If you feel like any of the points mentioned below are true in your case, there is a high chance that the reverse mortgage scheme offered to you is a trap:
- The company executive uses difficult-to-understand terminology and provides inadequate explanations.
- The offered deal seems “too good to be true”.
- The lender uses high-pressure sales techniques.
- You are receiving unwanted adverts, emails and phone calls.
- You are getting phone calls with pre-recorded messages.
- The company advises you not to contact your present lender or to consult with a real estate attorney or financial counsellor.
- The company wants to charge you for accessing reverse mortgage information.

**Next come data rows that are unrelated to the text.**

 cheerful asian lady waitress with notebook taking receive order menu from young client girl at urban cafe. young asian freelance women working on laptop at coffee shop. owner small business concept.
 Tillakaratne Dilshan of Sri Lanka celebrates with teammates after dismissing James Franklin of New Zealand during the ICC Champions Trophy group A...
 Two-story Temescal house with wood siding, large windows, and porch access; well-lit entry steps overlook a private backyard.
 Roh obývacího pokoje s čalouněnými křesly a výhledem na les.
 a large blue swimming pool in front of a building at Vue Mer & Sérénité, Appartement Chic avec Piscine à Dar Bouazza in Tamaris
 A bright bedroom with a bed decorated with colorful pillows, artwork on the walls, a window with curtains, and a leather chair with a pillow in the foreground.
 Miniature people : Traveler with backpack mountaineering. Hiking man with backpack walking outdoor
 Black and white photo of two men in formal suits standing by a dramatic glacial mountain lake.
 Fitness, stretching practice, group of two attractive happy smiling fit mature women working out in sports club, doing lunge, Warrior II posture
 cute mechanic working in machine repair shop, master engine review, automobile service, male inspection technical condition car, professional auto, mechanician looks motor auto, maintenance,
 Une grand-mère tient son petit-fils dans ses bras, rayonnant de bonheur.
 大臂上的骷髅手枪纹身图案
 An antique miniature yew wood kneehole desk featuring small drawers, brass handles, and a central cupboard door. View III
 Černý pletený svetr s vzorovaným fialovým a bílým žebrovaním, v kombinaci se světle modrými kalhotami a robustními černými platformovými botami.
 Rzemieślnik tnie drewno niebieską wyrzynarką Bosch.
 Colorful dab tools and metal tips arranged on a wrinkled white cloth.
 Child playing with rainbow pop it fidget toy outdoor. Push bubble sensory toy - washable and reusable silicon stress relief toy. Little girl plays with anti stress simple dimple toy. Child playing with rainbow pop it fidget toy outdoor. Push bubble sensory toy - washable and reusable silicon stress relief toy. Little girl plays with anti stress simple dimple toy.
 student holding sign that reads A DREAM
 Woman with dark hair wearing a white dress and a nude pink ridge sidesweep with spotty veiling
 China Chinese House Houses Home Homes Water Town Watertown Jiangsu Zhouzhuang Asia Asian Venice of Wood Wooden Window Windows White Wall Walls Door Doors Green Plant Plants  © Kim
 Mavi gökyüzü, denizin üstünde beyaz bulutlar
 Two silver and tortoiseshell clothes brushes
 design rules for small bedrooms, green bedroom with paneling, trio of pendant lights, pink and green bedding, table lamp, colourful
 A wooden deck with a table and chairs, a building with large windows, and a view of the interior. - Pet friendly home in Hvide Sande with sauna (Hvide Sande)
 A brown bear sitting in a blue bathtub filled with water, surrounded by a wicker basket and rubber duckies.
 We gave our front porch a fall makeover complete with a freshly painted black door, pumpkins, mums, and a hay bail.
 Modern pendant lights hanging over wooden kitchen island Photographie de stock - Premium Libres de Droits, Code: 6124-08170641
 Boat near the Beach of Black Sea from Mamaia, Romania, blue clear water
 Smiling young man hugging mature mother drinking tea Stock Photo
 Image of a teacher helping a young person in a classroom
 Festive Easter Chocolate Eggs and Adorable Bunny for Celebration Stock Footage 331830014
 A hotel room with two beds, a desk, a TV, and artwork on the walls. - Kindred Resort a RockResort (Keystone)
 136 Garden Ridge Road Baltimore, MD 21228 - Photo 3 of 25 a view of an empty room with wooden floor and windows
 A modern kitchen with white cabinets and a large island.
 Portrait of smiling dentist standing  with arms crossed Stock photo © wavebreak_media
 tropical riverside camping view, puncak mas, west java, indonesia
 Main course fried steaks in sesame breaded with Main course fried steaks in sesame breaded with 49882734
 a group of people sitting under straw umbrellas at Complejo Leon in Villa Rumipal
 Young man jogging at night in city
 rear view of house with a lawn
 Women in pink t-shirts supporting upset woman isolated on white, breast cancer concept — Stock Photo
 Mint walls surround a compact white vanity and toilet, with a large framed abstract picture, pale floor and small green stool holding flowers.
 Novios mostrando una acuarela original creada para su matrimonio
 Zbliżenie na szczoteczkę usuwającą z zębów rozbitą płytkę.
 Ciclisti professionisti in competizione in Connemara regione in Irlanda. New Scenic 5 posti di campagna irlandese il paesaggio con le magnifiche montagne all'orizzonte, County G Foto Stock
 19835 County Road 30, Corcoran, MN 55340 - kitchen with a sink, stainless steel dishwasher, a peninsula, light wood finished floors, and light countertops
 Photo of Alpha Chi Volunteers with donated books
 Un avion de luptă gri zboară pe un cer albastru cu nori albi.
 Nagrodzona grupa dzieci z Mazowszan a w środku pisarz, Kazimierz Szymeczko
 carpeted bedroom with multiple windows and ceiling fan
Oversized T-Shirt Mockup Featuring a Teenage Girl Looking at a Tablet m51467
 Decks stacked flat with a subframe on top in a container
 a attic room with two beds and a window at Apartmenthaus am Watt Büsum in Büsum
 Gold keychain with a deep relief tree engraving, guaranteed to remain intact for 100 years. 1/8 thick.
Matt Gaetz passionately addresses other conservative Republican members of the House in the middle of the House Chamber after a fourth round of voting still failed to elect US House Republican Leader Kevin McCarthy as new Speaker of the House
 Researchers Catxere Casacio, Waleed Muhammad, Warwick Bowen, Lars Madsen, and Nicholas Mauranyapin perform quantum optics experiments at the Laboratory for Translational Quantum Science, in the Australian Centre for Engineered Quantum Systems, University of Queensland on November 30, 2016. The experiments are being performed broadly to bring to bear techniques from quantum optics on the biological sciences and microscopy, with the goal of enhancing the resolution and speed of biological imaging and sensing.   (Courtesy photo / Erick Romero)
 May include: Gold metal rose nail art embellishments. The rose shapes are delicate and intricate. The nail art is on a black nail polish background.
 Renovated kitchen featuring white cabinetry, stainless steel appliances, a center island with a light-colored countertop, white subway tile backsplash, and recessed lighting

It would help if you spoke with reputable professionals, such as your financial advisor or real estate attorney while opting for any such loans. Also, speak with trusted family members and ask for their assistance in understanding more about the loan and the lender you are dealing with. Finally, before signing anything, be sure you understand everything. Seek information about anything you cannot understand, and have a trusted confidant or an attorney review the documents before you sign them.
A reverse mortgage loan is an ideal way to support yourself even after retirement and not depend on your family for basic expenses. The loan amount would be dependent on the value of the collateral property. While it is a boon for senior citizens, it is important to evaluate the pros and cons of the loan carefully.
With reverse mortgages offering the advantages of no immediate liability and the spouse receiving payments even after one partner passes away, there is also the disadvantage of having to pay when you vacate your property. Hence, ensure that your facts and knowledge of the scheme are verified and up-to-date with the necessary information.
Before availing a reverse mortgage loan, you should also ask yourself if it has a negative impact on your children after you pass away. Also, understand how long your family plans to stay in the collateral property.
Frequently Asked Questions (FAQs)
When must a reverse mortgage be paid off?
If the homebuyer decides to sell the property, passes away, or lives somewhere else other than the mortgaged property.
What are the applicable interest rates on reverse mortgages?
The interest rates of reverse mortgages differ from lender to lender. Check with each financial institution or bank to know about the applicable interest rates.
Does the family have to leave the house if the homebuyer or holder of the scheme dies?
Upon the homeowner’s death, the family may either pay off the mortgage amount to the lender or the house will be sold by the lender to recover the amount.
How to apply for a reverse mortgage loan?
Depending on the lender, you can apply for a reverse mortgage loan online and offline.
Can I sell my home if I have a reverse mortgage?
If you decide to sell your house while you have a reverse mortgage loan, you must repay the loan amount plus interest and fees. However, if your loan is less than the amount you receive when you sell your house, you can keep the excess amount or it can be passed on to a legal hirer.